**MATERIAL FOR THIS EXERCISE:**
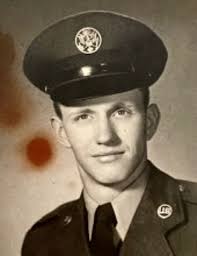 Richard Secrist Obituary January 2, 2022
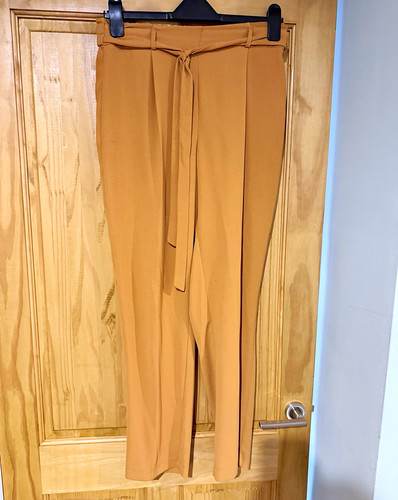 Primark mustard high - mustard,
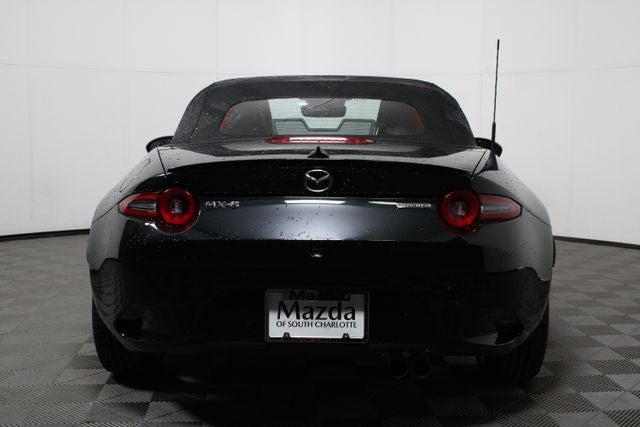 2026 Mazda Mazda MX-5 Miata Grand Touring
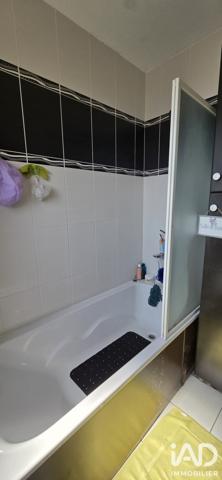 Maison à vendre 5 pièces 89 m² Saint-Vincent-sur-Jard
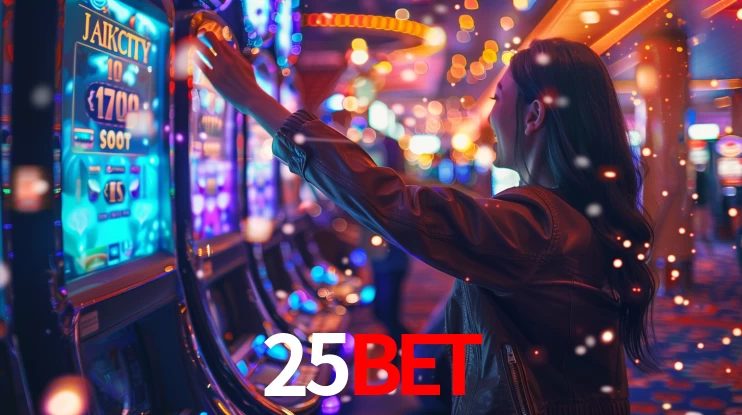Explore as vantagens do 25bet: serviço profissional e confiabilidade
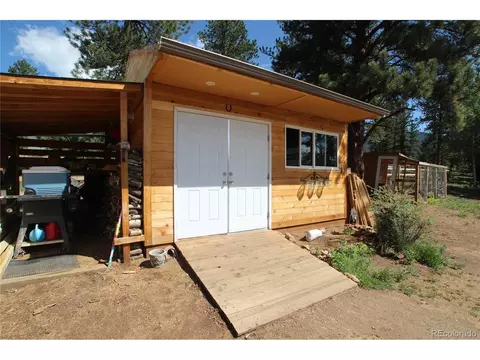 25 Harris St, Bailey, CO 80421 photo 22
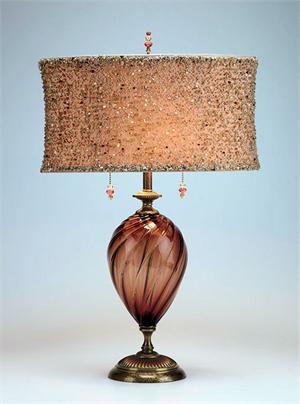 Kinzig Design - Linda Table Lamp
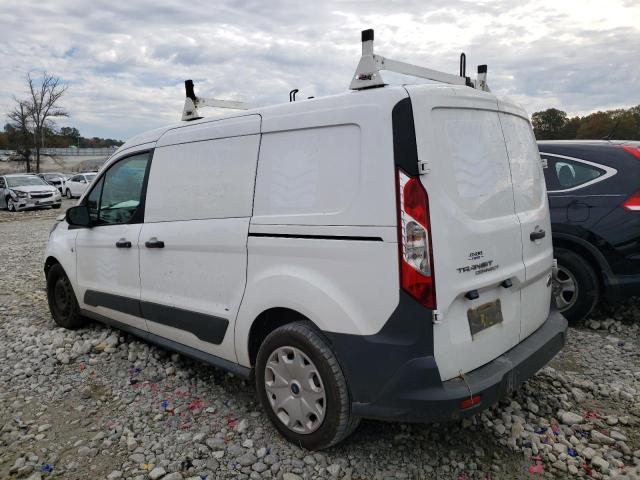 Photo 2 VIN: NM0LS7E7XG1243953 - FORD TRANSIT CO 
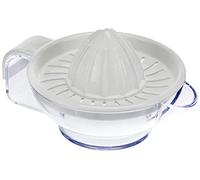 Guzzini - Kitchen Active Design, Citrus Juicer - White, 16 x 20 x h11 cm - 16782011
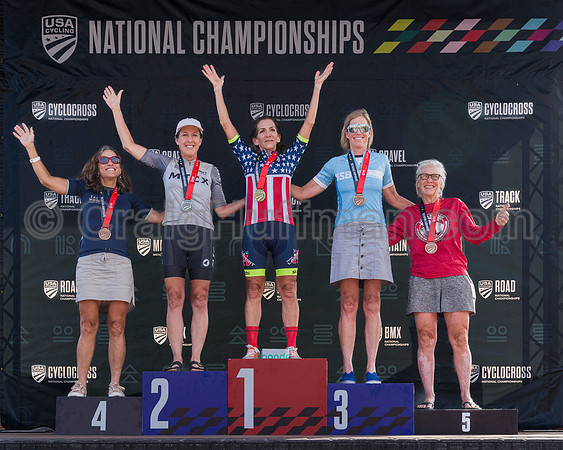 USAC Gravel National Championship
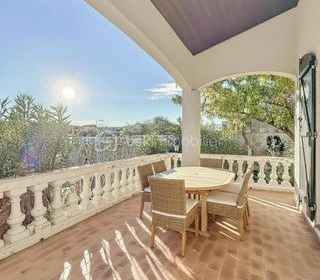  Villa � vendre 4 pi�ces 115 m�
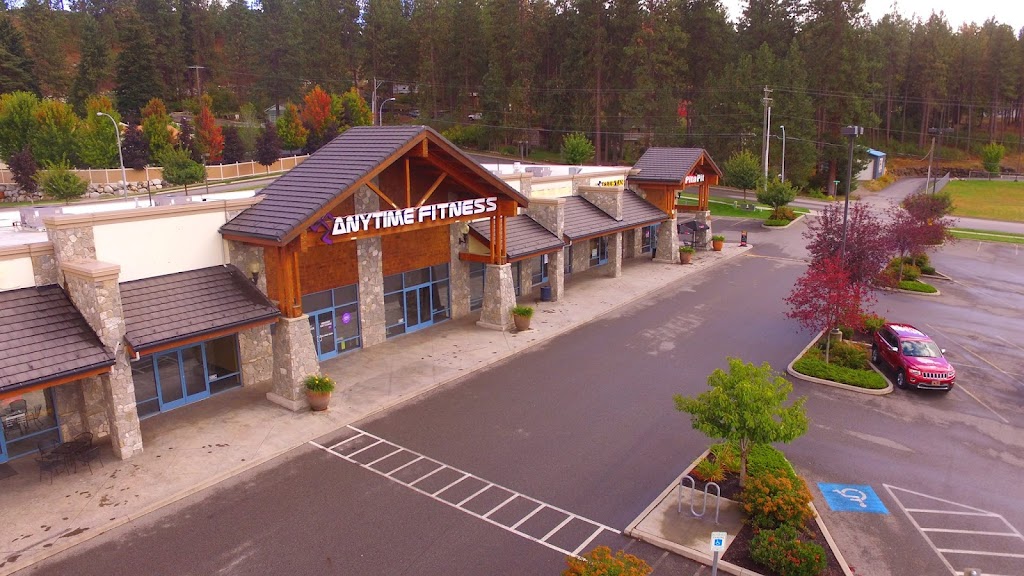  Anytime Fitness Post Falls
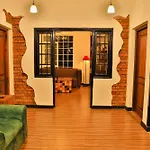 Little England Bungalow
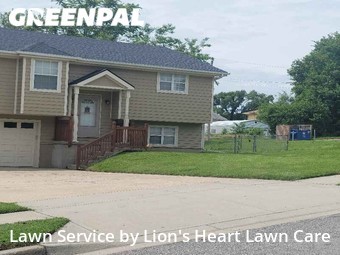 Lawn Maintenance nearby Leavenworth, KS, 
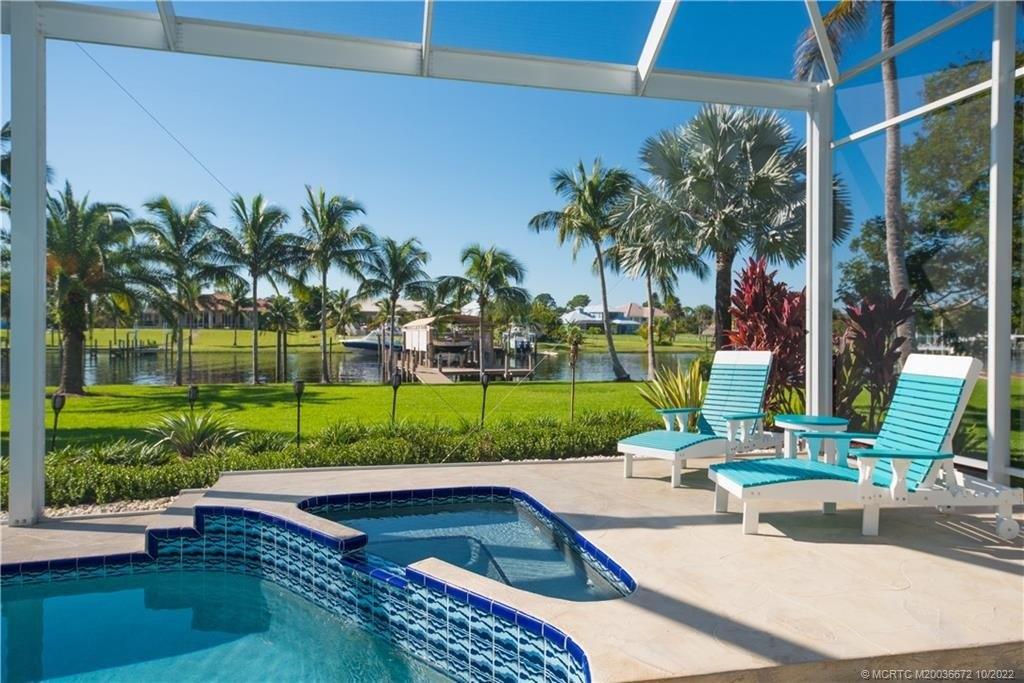 Se Erickson Dr, Port Saint Lucie, FL 34984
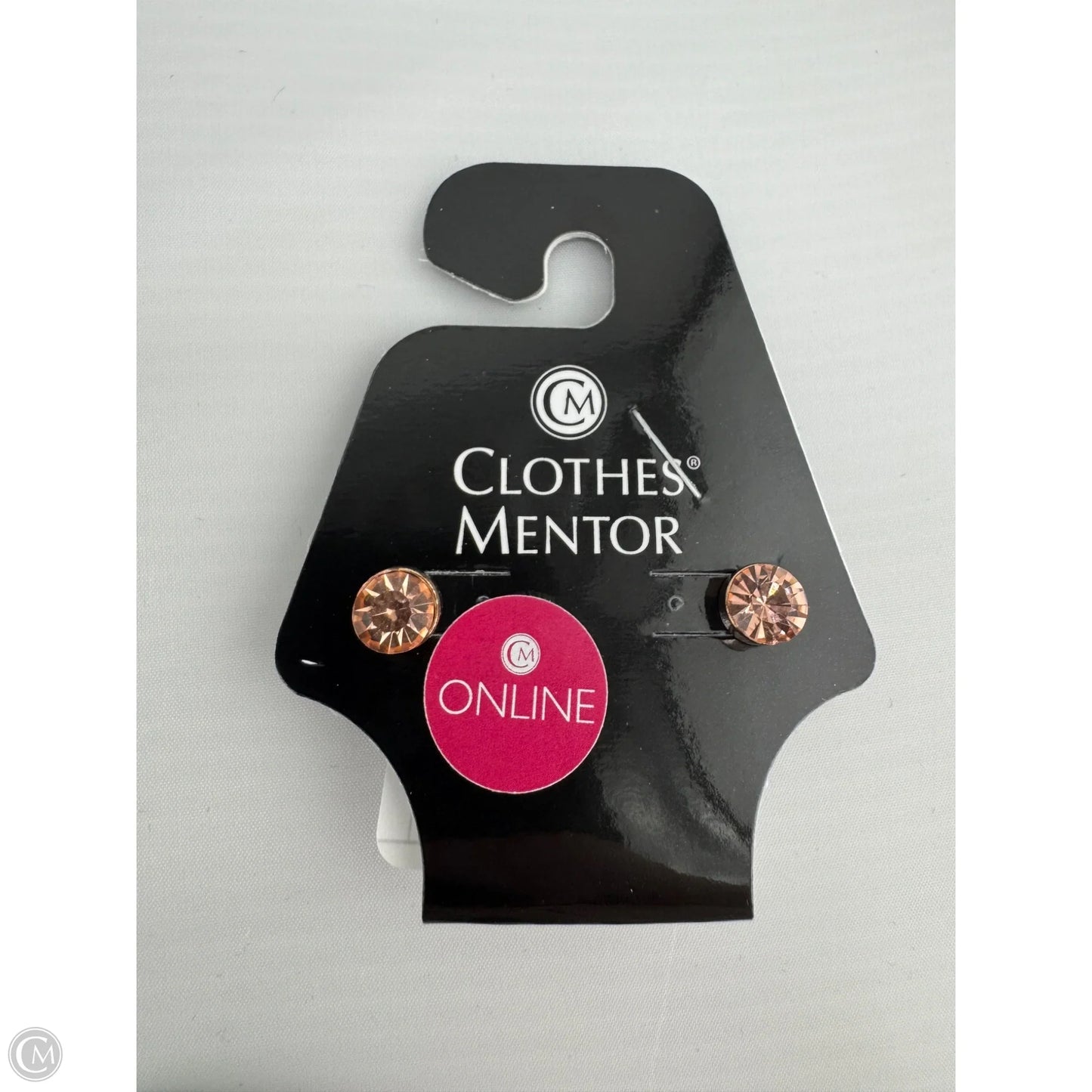 Earrings Stud By Clothes Mentor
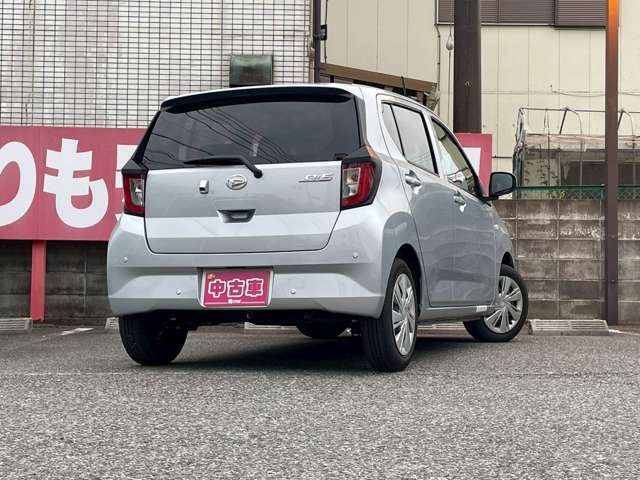 ミライース 2025/R07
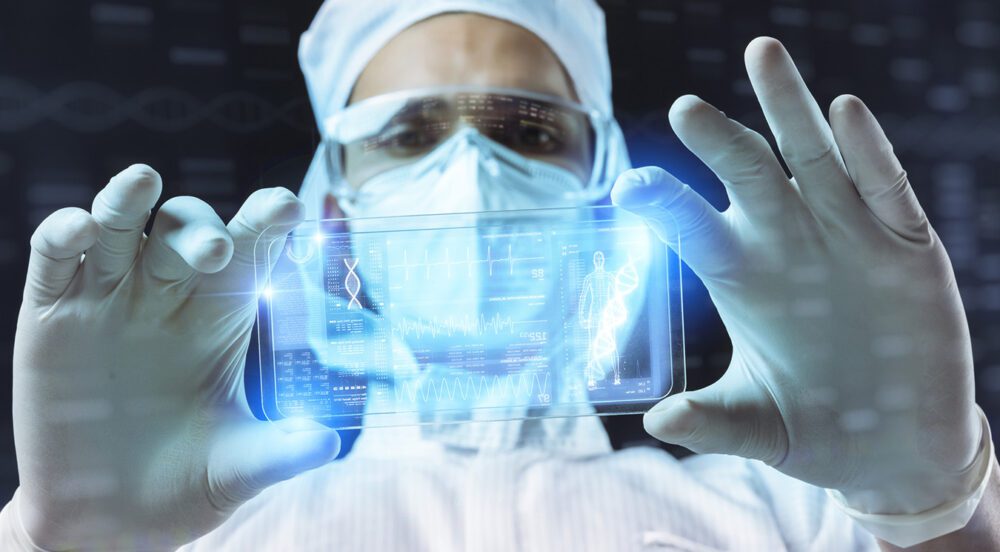 New Variants: 5 Ways Healthcare Industry Shifts Will Affect PR
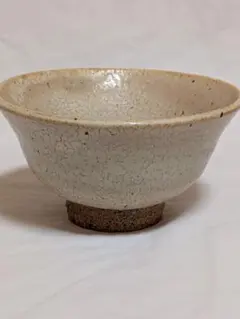 韓国人間国宝 千漢鳳 そば茶碗 - メルカリ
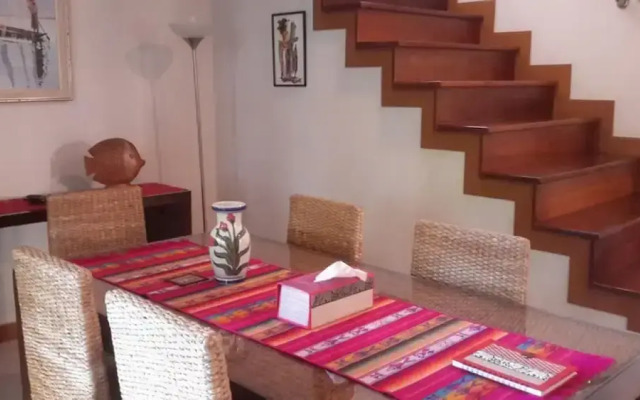 3-Bedroom Villa TG11 on Beachfront Resort SDV280-By Samui Dream Villas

**YOUR GOAL:**
From the records above, copy exactly the lines starting at the one with "Explore as vantagens" and ending at the one with "Villa � vendre 4 pi�ces 115 m�", and no others. Pictures stay out.

**WRITTEN RESPONSE:**
Explore as vantagens do 25bet: serviço profissional e confiabilidade
 25 Harris St, Bailey, CO 80421 photo 22
 Kinzig Design - Linda Table Lamp
 Photo 2 VIN: NM0LS7E7XG1243953 - FORD TRANSIT CO 
 Guzzini - Kitchen Active Design, Citrus Juicer - White, 16 x 20 x h11 cm - 16782011
 USAC Gravel National Championship
  Villa � vendre 4 pi�ces 115 m�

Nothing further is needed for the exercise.